History of ICWCI
|1882 ||Formed as "The Clerk of Works Association |
|1903 || |
Became the "Incorporated Clerks of Works Association of Great Britain"
|1947 || |
Became "The Institute of Clerks of Works of Great Britain Incorporated"
Centenary of Incorporation
|2009 || |
Became the "Institute of Clerks of Works and Construction Inspectorate of Great Britain Incorporated"
Origins of the Title
The job title "Clerk of Works" is believed to derive from the thirteenth century when "Clerics" in Holy Orders were accepted as being more literate than their fellows, and were left to plan and supervise the "Works" associated with the erection of churches and other religious property. By the nineteenth century the role had expanded to cover the majority of building works, and the Clerk of Works was drawn from experienced tradesmen who had wide knowledge and understanding of the building process.

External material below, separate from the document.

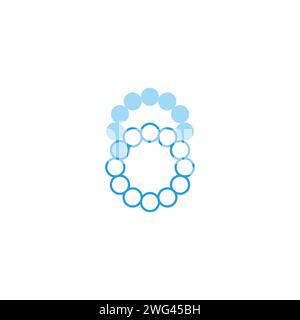 abstract number 6 circles dots geometric logo vector Stock Vector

The role, to this day, is based on the impartiality of the incumbent in ensuring value for money for the client - rather than the contractor - is achieved through rigorous and detailed inspection of materials and workmanship throughout the build process. In many cases, the traditional title has been discarded to comply with modern trends, such as Site Inspector, but the requirement for the role today is as strong as it has ever been.
Purposes of Formation
The Clerk of Works, historically as well as now, is a very isolated profession on site. He/she is the person that must ensure quality of both materials and workmanship and, to this end, must be absolutely impartial and independent in his decisions and judgements. He/she cannot normally, by virtue of the quality role, be employed by the contractor - only the client, and normally by the Architect on behalf of the Client. His/her role is not to judge, but simply to report (through exhaustive and detailed diary notes) all occurrences that are relevant to the role.

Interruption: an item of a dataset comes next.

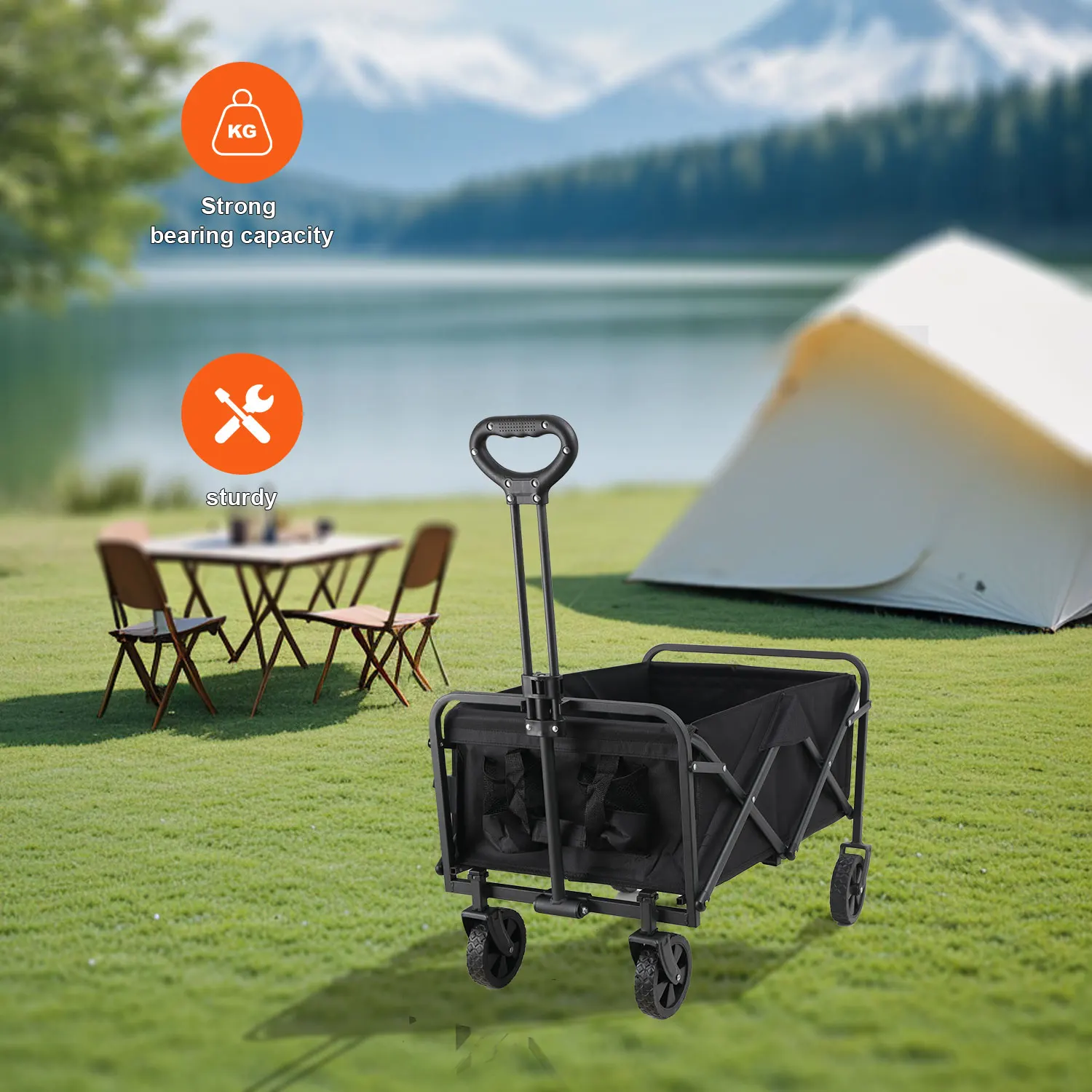 Zusammenklappbarer, zusammenklappbarer Mehrzweck-Strandwagen, robuster, zusammenklappbarer Wagen mit großer Kapazität, Outdoor-Trolley, tragbarer Campingwagen-Tisch – Detail 12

Experience in the many facets of the building trade is essential and, in general terms, most practitioners will have "come from the tools". When originally formed, the Association was to allow those that were required to operate in isolation on site a central organisation to look after the interests of their chosen profession, be it through association with other professional bodies, educational means or simply through social intercourse amongst their own peers and contemporaries. Essential to this, as the Association developed, was the development of a central body that could lobby Parliament in relation to their profession, and the quality issues that it stands for.
Although the means of construction, the training of individuals and the way in which individuals are employed have changed dramatically over the years, the principles for which the Association was originally formed remain sacrosanct.